Los observó con curiosidad y cierto desdén. No quería juzgarlos, pero, evidentemente, llevaban una vida de privilegiados. Su padre decía que los criticaba porque nunca había entrado en ese círculo y quizá tuviera algo de razón, pero le gustaba utilizar el cerebro y trabajar con su padre, uno de los vulcanólogos más importantes del mundo, que era por lo que vivían en medio del mar Egeo. Ella documentaba los hallazgos de su padre y era indispensable para sus investigaciones. Él era el primero que reconocía que no podría sacar tanto trabajo sin ella, pero al terminar la jornada, se dedicaba a su pasión, a dibujar, a pintar… Le quedaba poco papel y lienzos, pero su padre volvería al cabo de diez días y siempre le llevaba material nuevo.
Esa tarde había ido a las rocas sobre la ensenada con su cuaderno y con la intención de dibujar lo que más le llamaba la atención de la escena, el hombre que le parecía más fascinante con mucha diferencia. Tenía el pelo oscuro y tupido, las cejas rectas y los ojos claros, no sabía si azules o grises. El mentón era cuadrado, tenía los pómulos prominentes y la boca era carnosa, firme y seria. Sus rasgos eran casi demasiado perfectos y le encantaría estar más cerca para saber el color de sus ojos. Aunque lo más intrigante era su forma de estar sentado en la silla, con los hombros muy rectos y la barbilla levantada. Lo miró para comparar el dibujo con el hombre de verdad y, efectivamente, había reproducido su cuerpo musculoso y los rasgos, pero su expresión no era la acertada. Le intrigaba esa expresión y hacía que quisiera mirarlo hasta que la entendiera. ¿Estaba aburrido o era infeliz? Parecía como si no quisiera estar allí con esas personas. Era un misterio y a ella le gustaban los rompecabezas.

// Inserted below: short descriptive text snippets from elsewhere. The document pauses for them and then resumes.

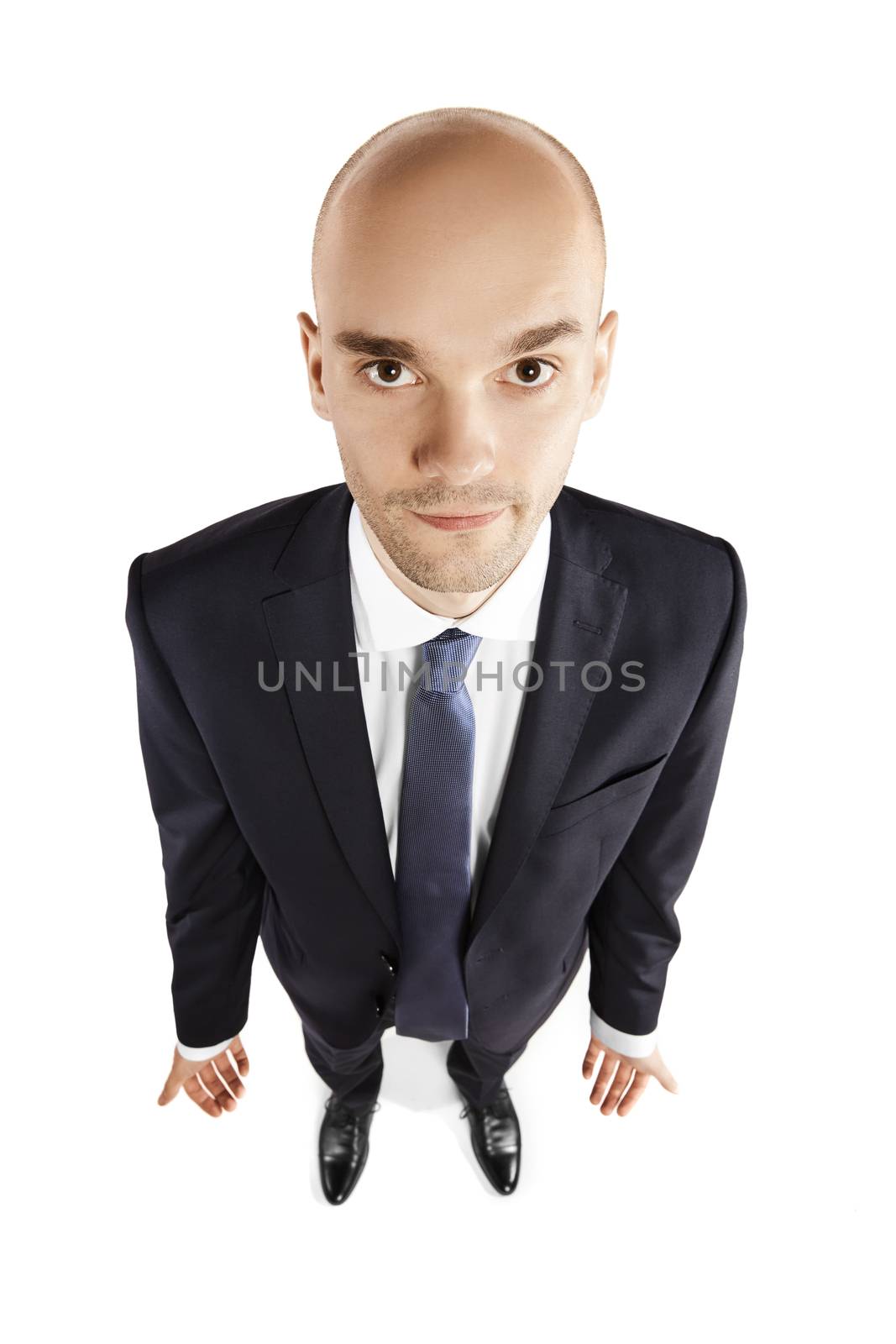 Overhead view of a young man looking up. Studio shot isolated on white background.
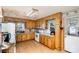 Kitchen with light wood cabinets and vinyl flooring at 1979 Charlotte Hwy, Mooresville, NC 28115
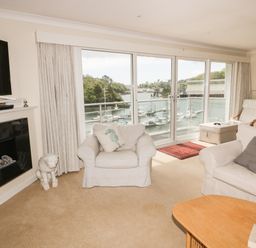 A living room with white armchairs and a sofa facing a glass door with a view of boats on water at Creekside House in Fowey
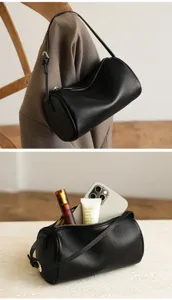 Detail view of black cylindrical soft leather shoulder bag showing interior capacity and zipper.
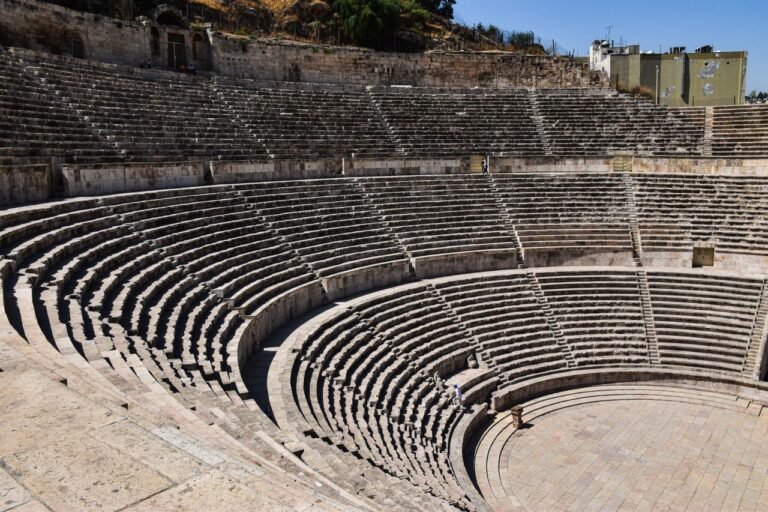 A detailed view of the ancient Roman amphitheater in Amman, showcasing its architectural grandeur.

Entonces, él se levantó y todo el mundo recogió sus cosas para volver al yate.
Ella se alegró y cerró el cuaderno, pero también sintió cierta decepción cuando la lancha se llevó al misterioso hombre al superyate que estaba fondeado a la entrada de la cala. Él era el hombre más interesante que había visto en su vida y se había marchado.
Esa tarde, a última hora, estaba volviendo de hacer las comprobaciones rutinarias cuando oyó unas voces, como una discusión que llegaba de la ensenada. Fue a la playa y aguzó el oído, pero solo oyó el murmullo del motor del barco; ¿iba a marcharse por fin? Como de costumbre, estaba iluminado y podía ver parejas que estaban tumbadas y bebían en la cubierta superior.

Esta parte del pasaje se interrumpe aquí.